◆ Task to complete ◆
Copy nothing before the line that contains "Photo of office building stairs"; from there, transcribe each line exactly through the end of the material, omitting pictures.

◆ Source data ◆
# # #

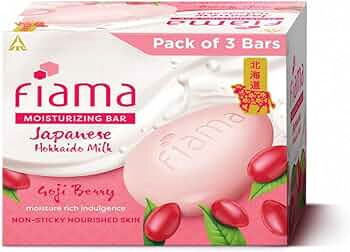  Fiama Skin Barrier Strengthening Moisturizing Soap Bar 125gx3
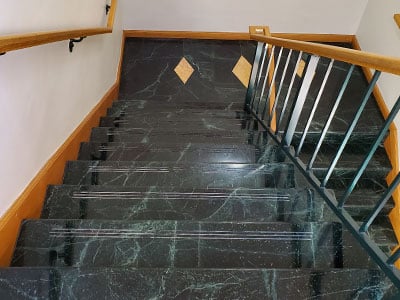 Photo of office building stairs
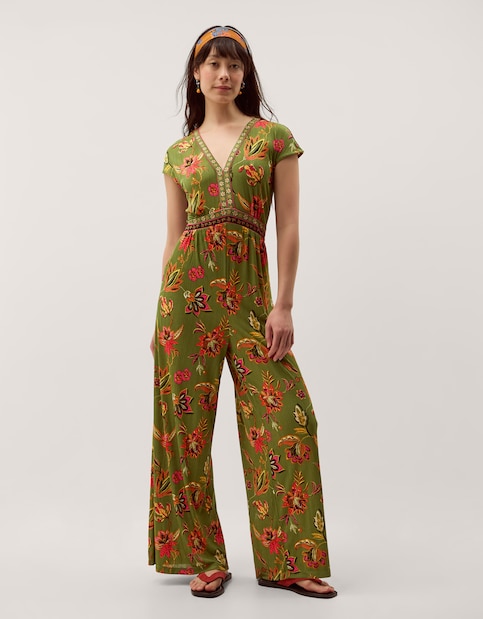 Monsoon Zainab Floral Wide Leg Jumpsuit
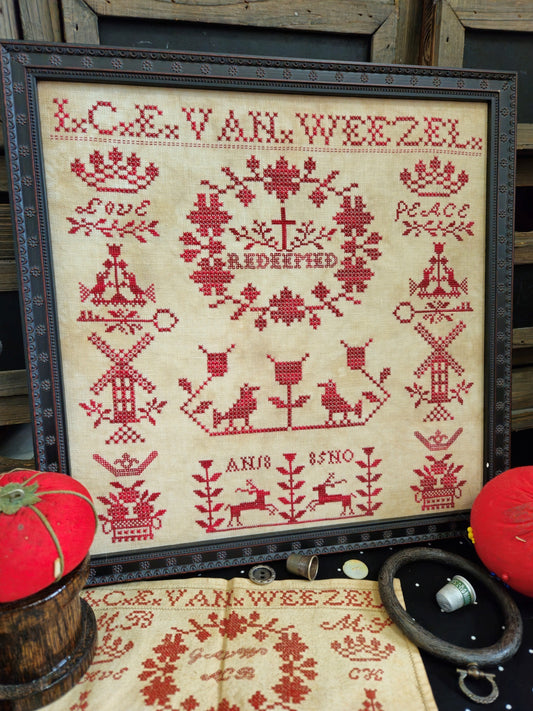 I.C.E Van Weezel 1885 by Quaint Rose Needlearts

# # #

◆ Problem solution ◆
 Photo of office building stairs
 Monsoon Zainab Floral Wide Leg Jumpsuit
 I.C.E Van Weezel 1885 by Quaint Rose Needlearts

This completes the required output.